It is not insulation. It will not insulate us from harm in terms of our national security. So I say that to emphasize a point that the congresswoman made. And the other point I'd make is also check out where he's been on how he thinks about America's military and service members.

So we've got McCain, we've got, oh, it's isolationist to not to want to fight and die for Ukraine, which is really what they believe. And look, Cheney, I'm just going to say it. I think she's scum. And I'll give you the real thing. It's not about January 6th. It's the fact that actually, Crystal, she was a lifelong pro-life conservative. Okay, whatever. I'm not pro-life. That's fine.

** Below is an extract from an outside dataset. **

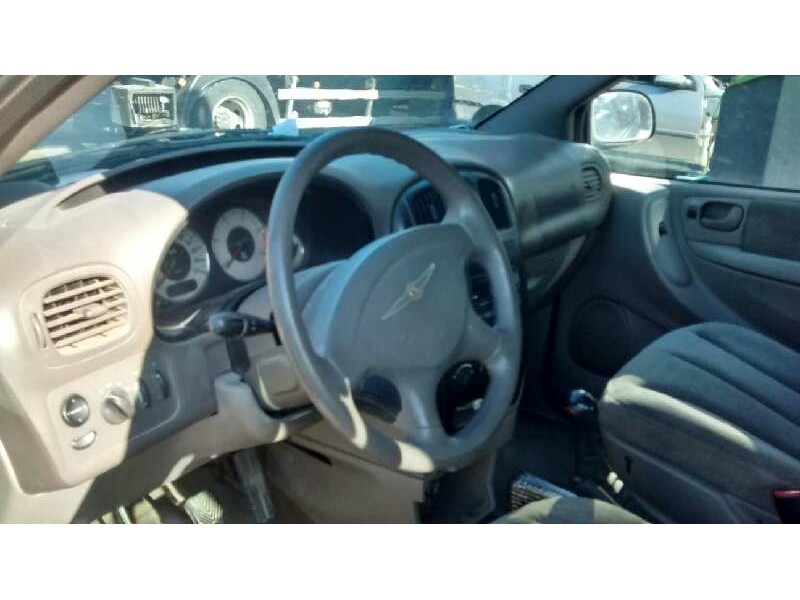 chrysler voyager (rg) del año 2002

She though disavowed in this same campaign event, her lifelong positions on pro-life and said Dobbs Quint went too far in terms of the repeal of pro-life. This woman disavowed her own sister to try and win the Wyoming Senate seat over gay marriage.

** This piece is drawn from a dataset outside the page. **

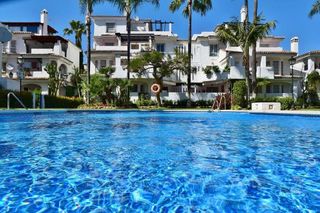 Piso en alquiler en Los Naranjos - Las Brisas en Marbella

Now she's disavowing her lifelong positions when she was trying to fake being a Republican or whatever to try and win basically voters for her entire career. But the only thing she won't disavow is this fake anti-isolationist bullshit. Not that anybody even is an isolationist in this thing. Or her lifelong position in support of her father and the war in Iraq. So it's like, what principles do you actually have, woman? I just think it's disgusting.

Is J.D. Vance scum for abandoning his lifelong commitment to pro-life issues to say, like, let's leave it to the states? That's not, no, that's not the same thing. Because he still- That's not the same thing. Because he supported- I'm just saying. He supported-

Well, hold on a second. He supported an actual national abortion ban, as far as I remember. Correct. Then joined a ticket where he's like, okay, we're going to leave it to the states, but has never disavowed his position on being pro-life. He campaigned for the Ohio pro-life law. That's not the same thing. Liz Cheney's not saying that she's not pro-life anymore. She's doing a similar pivot to J.D. Vance of saying that Dobbs went too far.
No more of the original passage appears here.